Home was a dark, long flat filled with the sound of clocks and dripping faucets. It was a pension, of a sort, but secret. In order to escape paying taxes, the owners had never declared it to the police, and lived in perpetual dread. A girl had given me the address on a train, warning me to say nothing about it to anyone. There was one other foreign person – a crazy old Englishwoman. She never spoke a word to me and, I think, hated me on sight. But she did not like Spaniards any better; one could hear her saying so when she talked to herself. At first we were given meals, but after a time, because the proprietors were afraid about the licensing and the police, that stopped,
and so we bought food and took it to Pilar’s, or cooked in my room on an alcohol stove. We ate rationed bread with lumps of flour under the crust, and horrible ersatz jam. We were always vaguely hungry. Our craving for sweet things was limitless; we bought cardboard pastries that seemed exquisite because of the lingering sugary taste they left in the mouth. Sometimes we went to a restaurant we called “the ten-peseta place” because you could get a three-course meal with wine and bread for ten pesetas – about twenty-three cents then. There was also the twelve-peseta place, where the smell was less nauseating, although the food was nearly as rank. The décor in both restaurants was distinctly unEuropean. The cheaper the restaurant, the more cheaply Oriental it became. I remember being served calves’ brains in an open skull.

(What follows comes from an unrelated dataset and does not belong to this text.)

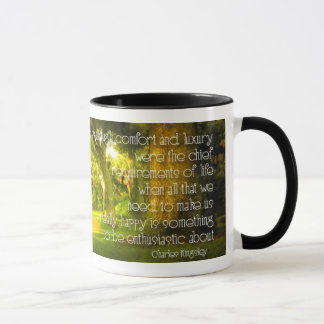 Etwas, enthusiastisch zu sein ungefähr tasse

One of the customers in the ten-peseta restaurant was a true madman, with claw hands, sparse hair and dying skin. He looked like a monkey, and behaved like one I had known, who would accept grapes and bananas with pleasure, and then, shrieking with hate at some shadowy insult, would dance and gibber and try to bite. This man would not eat from his plate. He was beyond even saying the plate was poisoned; that had been settled long ago. He shovelled his food onto the table, or onto pieces of bread, and scratched his head with his fork, turning and muttering with smiles and scowls. Everyone sat still when he had his seizures – not in horror, even less with compassion, but still, suspended. I remember a coarse-faced sergeant slowly lowering his knife and fork and parting his heavy lips as he stared; and I remember the blankness in the room – the waiting. What will happen next? What does it mean? The atmosphere was full of cold, secret marvelling. But nobody moved or spoke.

We often came away depressed, saying that it was cheaper and pleasanter to eat at home; but the stove was slow, and we were often too hungry to linger, watching water come to the boil. But food was cheap enough; once, by returning three
empty Valdepeñas wine bottles, I bought enough food for three. We ate a lot of onions and potatoes – things like that. Pilar lived on sweet things. I have seen her cook macaroni and sprinkle sugar on it and eat it up. She was a pretty girl, with a pointed face and blue-black hair. But she was an untidy, a dusty sort of girl, and you felt that in a few years something might go wrong; she might get swollen ankles or grow a moustache.

Her flat had two rooms, one of which was rented to a young couple. The other room she divided with a curtain. Behind the curtain was the bed she had brought as part of her dowry for the marriage with Carlos’s stepbrother. There was a picture of María Felix, the Mexican actress, on the wall. I would like to tell a story about Pilar, but nobody will believe it. It is how she thought, or pretended to think, that the Museo Romantico was her home. This was an extraordinary museum – a set of rooms furnished with all the trappings of the romantic period. Someone had planned it with love and care, but hardly any visitors came. If any did wander in when we were around, we stared them out. The cousins played the game with Pilar because they had no money and nothing better to do. I see Pilar sitting in an armchair, being elegant, and the boys standing or lounging against a mantelpiece; I say “boys” because I never thought of them as men. I am by the window, with my back turned. I disapprove, and it shows. I feel like a prig. I tip the painted blind, just to see the street and be reassured by a tram going by. It
is
the twentieth century. And Pilar cries, in unaffected anguish, “Oh, make her stop. She is spoiling everything.”